Il suo impegno conferma che chi come lei svolge una vera e propria missione per la legalità arriva a comprenderne tutte le possibili sfaccettature. Dalle più tecniche e canoniche a quelle che investono una sfera più sociologica e umanistica. In quest’ambito, spicca il suo impegno per gli ultimi. Ci può raccontare perché, a suo avviso, una società così apparentemente evoluta preveda ancora che ci siano degli ultimi? Da dove nasce lo scarto sociale e perché non si fa abbastanza per rimuovere gli squilibri?

“Gli ultimi sono coloro che hanno portafogli pieni, raccomandazioni da vendere ma gelo di affettività pura fra le mura domestiche, dove tutto si è frantumato nella subcultura dell’arrivismo e dell’individualismo.
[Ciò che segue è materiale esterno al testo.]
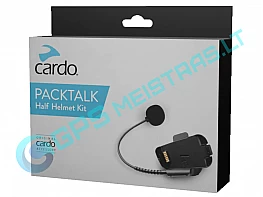 Cardo Packtalk antro salmo audio rinkinys
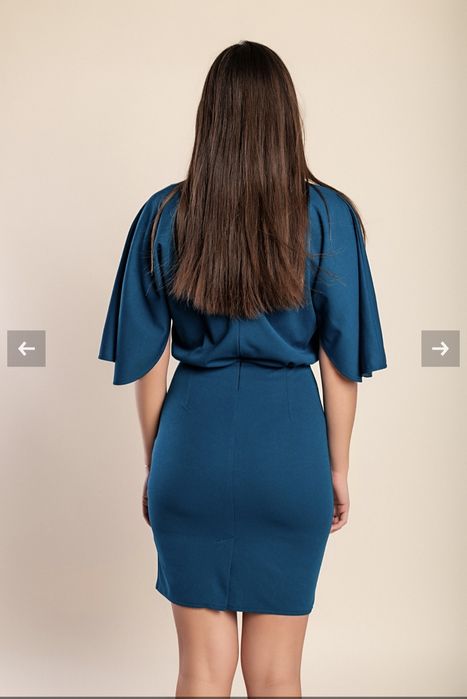 Рокля S р-р с елегантен дизайн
Gli ultimi sono coloro che nate persone con la schiena diritta hanno preferito inchinarsi al sistema del potere che corrode ideali e valori pur di divenire personalità. Gli ultimi sono coloro per i quali Dio nasce e dice agli smarriti di cuore Coraggio, non temete”.

Che ruolo rivestono oggi la Fede, la Religione, l’impegno del Papa su questo tema così scomodo quanto di urgente trattazione?

“Il nostro movimento è apartitico, interconfessionale e interreligioso, ma di forte matrice cristiana/mariana. Il Parlamento della legalità internazionale propone la chiesa della strada come quella del grembiule di Don Tonino Bello. Fede, azione e testimonianza sono alla base del nostro essere e del nostro agire. Se oggi alla fede delle festività e dell’indifferenza, spesso pronta ad additare chi è in campo, riuscissimo a rispondere dando tutto di noi con amore, allora non solo rimuoveremmo ogni forma di paura e di comodità del credo, ma diverremo testimoni di quel Vangelo che da più di duemila anni interpella le coscienze di uomini e donne libere che credono in un presente a colori, dove amare non è un usa e getta, ma una vocazione che porta sino al dono di sé”.